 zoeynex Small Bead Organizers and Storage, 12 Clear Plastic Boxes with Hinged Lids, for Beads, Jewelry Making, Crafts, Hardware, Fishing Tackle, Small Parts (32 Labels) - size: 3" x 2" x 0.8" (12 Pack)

= = = = =

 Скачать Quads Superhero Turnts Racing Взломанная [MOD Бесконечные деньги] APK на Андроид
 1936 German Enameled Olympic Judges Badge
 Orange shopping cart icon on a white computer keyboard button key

= = = = =

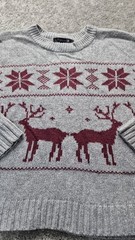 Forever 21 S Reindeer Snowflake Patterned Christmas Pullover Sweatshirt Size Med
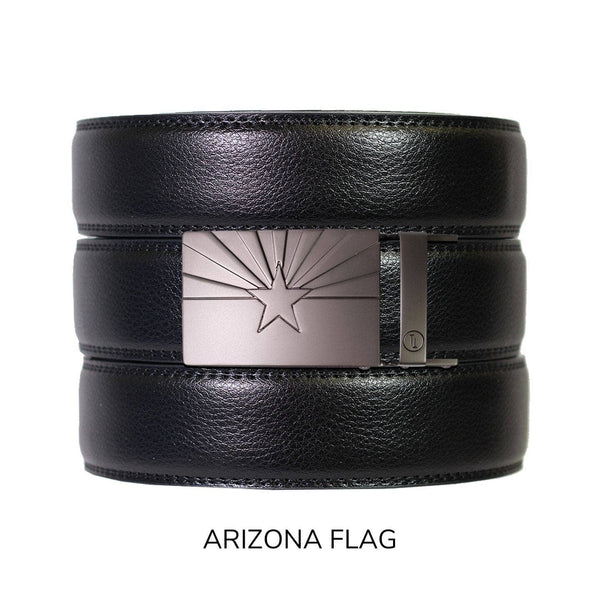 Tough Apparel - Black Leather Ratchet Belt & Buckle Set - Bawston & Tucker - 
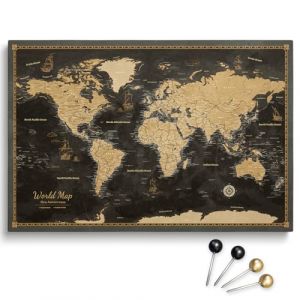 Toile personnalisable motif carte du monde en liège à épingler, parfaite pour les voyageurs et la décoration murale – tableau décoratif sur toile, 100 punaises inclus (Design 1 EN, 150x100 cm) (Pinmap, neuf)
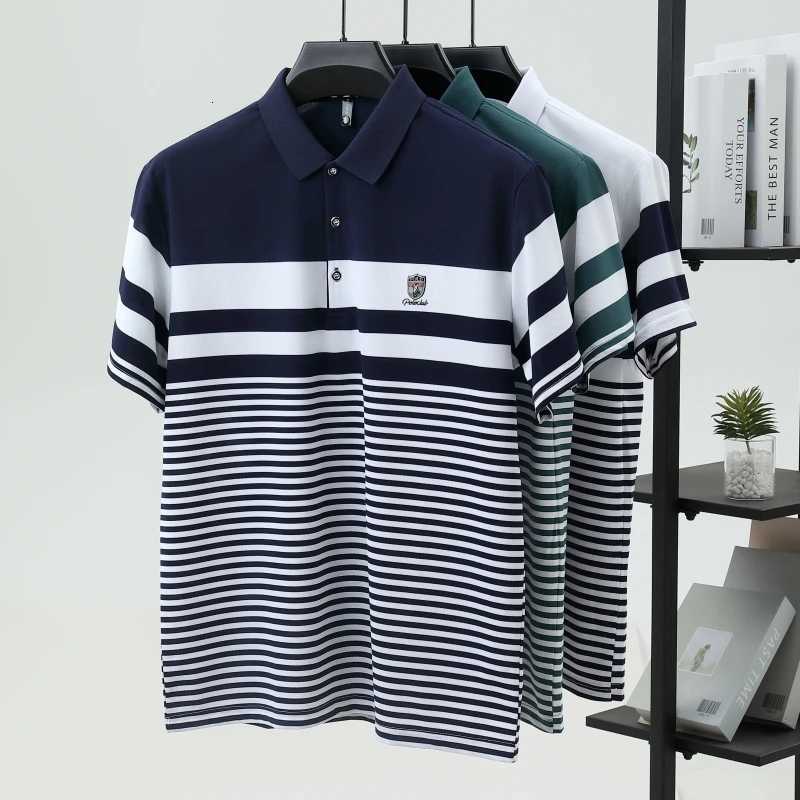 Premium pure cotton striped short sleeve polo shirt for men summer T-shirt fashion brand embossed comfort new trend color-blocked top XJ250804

= = = = =

Above are some records; extract exactly the lines from the one containing "Toile personnalisable motif" through the one containing "Premium pure cotton" and drop the pictures.

 Toile personnalisable motif carte du monde en liège à épingler, parfaite pour les voyageurs et la décoration murale – tableau décoratif sur toile, 100 punaises inclus (Design 1 EN, 150x100 cm) (Pinmap, neuf)
 Premium pure cotton striped short sleeve polo shirt for men summer T-shirt fashion brand embossed comfort new trend color-blocked top XJ250804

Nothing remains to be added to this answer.